The third way out is for all the parties to the Supreme Court decision to sit down (as is being proposed by the Federal Government), find a solution thereto and settle amicably. This may sound awkward or even impossible, but then it has the sanction of the law. In Abbey V. Alex (1999) 11 & 12 SCNJ 234 at 246 - 247, Uwaifo, J. S. C., had this to say:

"--The power to settle or compromise 'at any stage of pending proceedings' extends even to that of compromising judgments in certain situations. This is so because under note 1 to para. 383 Halsbury's Laws of England (supra), it is remarked that proceedings remain pending until satisfaction of the judgment. For this opinion, the observation of Jessel M. R in Re Clagett's Estate, Fordham v. Clagett [1882l 20 Ch. D. 637 at 653 is there relied on. There, he stated inter alia:-



'A cause is said to be pending in a court of justice when any proceeding can be taken in it. . . If you can take any proceeding it is pending. 'Pending ' does not mean that it has not been tried. It may have been tried years ago. In fact, in the days of the old Court of Chancery, we were familiar with cases which had been tried fifty or even one hundred years before, and which were still pending Sometimes, no doubt, they require a process which we call reviving... but nevertheless they were pending suits.... "

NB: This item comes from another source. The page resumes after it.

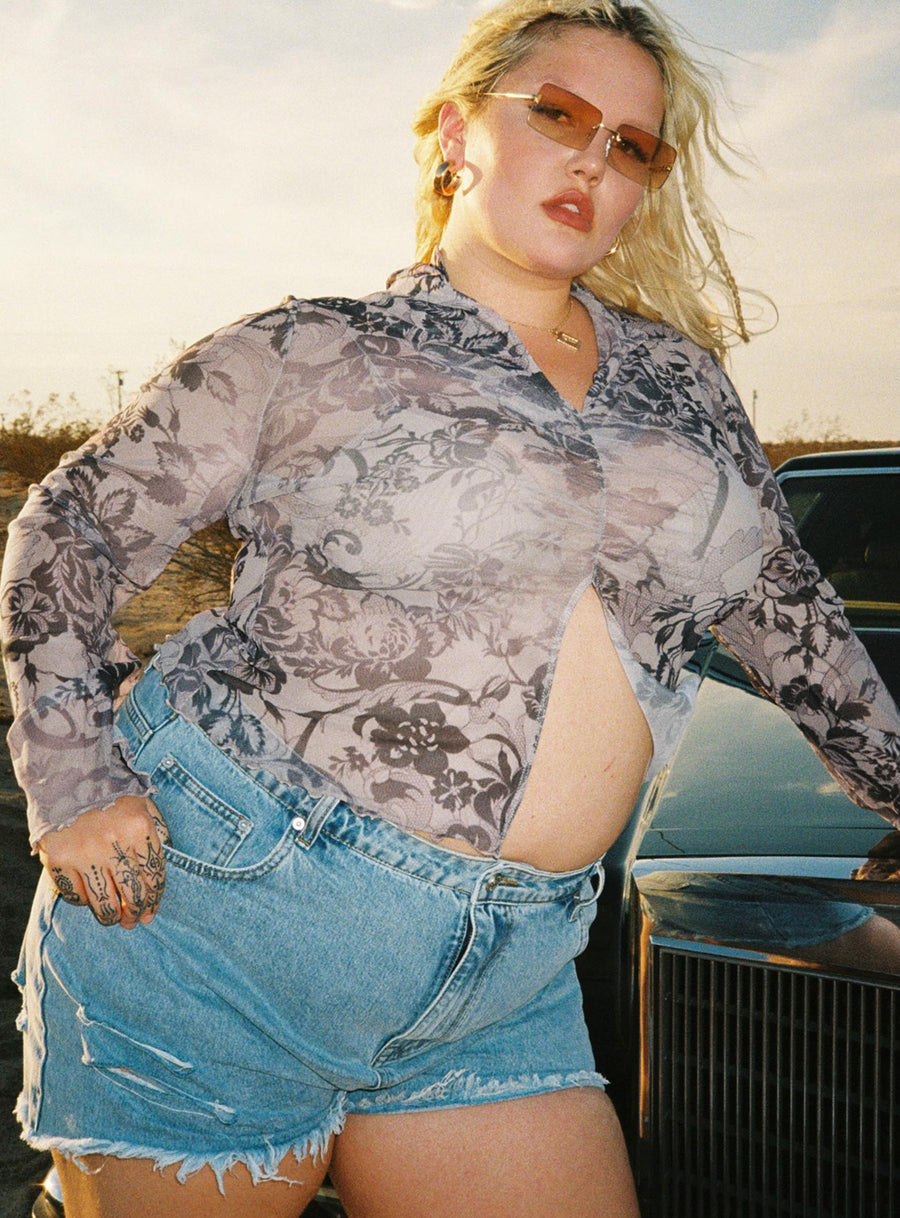 On Tour Denim Mom Short Curve Light Blue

I think the emphasis should be that if a judgment remains not executed but can still be by the proper procedure being taken, then it might be said to be a step taken at any stage of a pending proceeding. In that sense and with that status, a judgment may be compromised by the parties to it. I can see nothing unusual or unlawful about this. - That was what in effect happened to the judgment in the consolidated Kalabari Native Courts suits No. 321/46 and No. 352/46 when the parties entered a compromise as per exhibit B". (Emphasis mine).



It can safely be concluded, therefore, that while the Supreme Court decision in the famed resource control suit is final, the Federal Government, if at all it is serious about finding a political solution thereto, has several legal and constitutional means of the doing so. And if that is to be done, it should speedily be so done, to avert a looming national calamity of immeasurable proportions. The Federal Executive and the National Assembly have both the knife and the yam; they can cut it anyhow they feel. But let it be fast.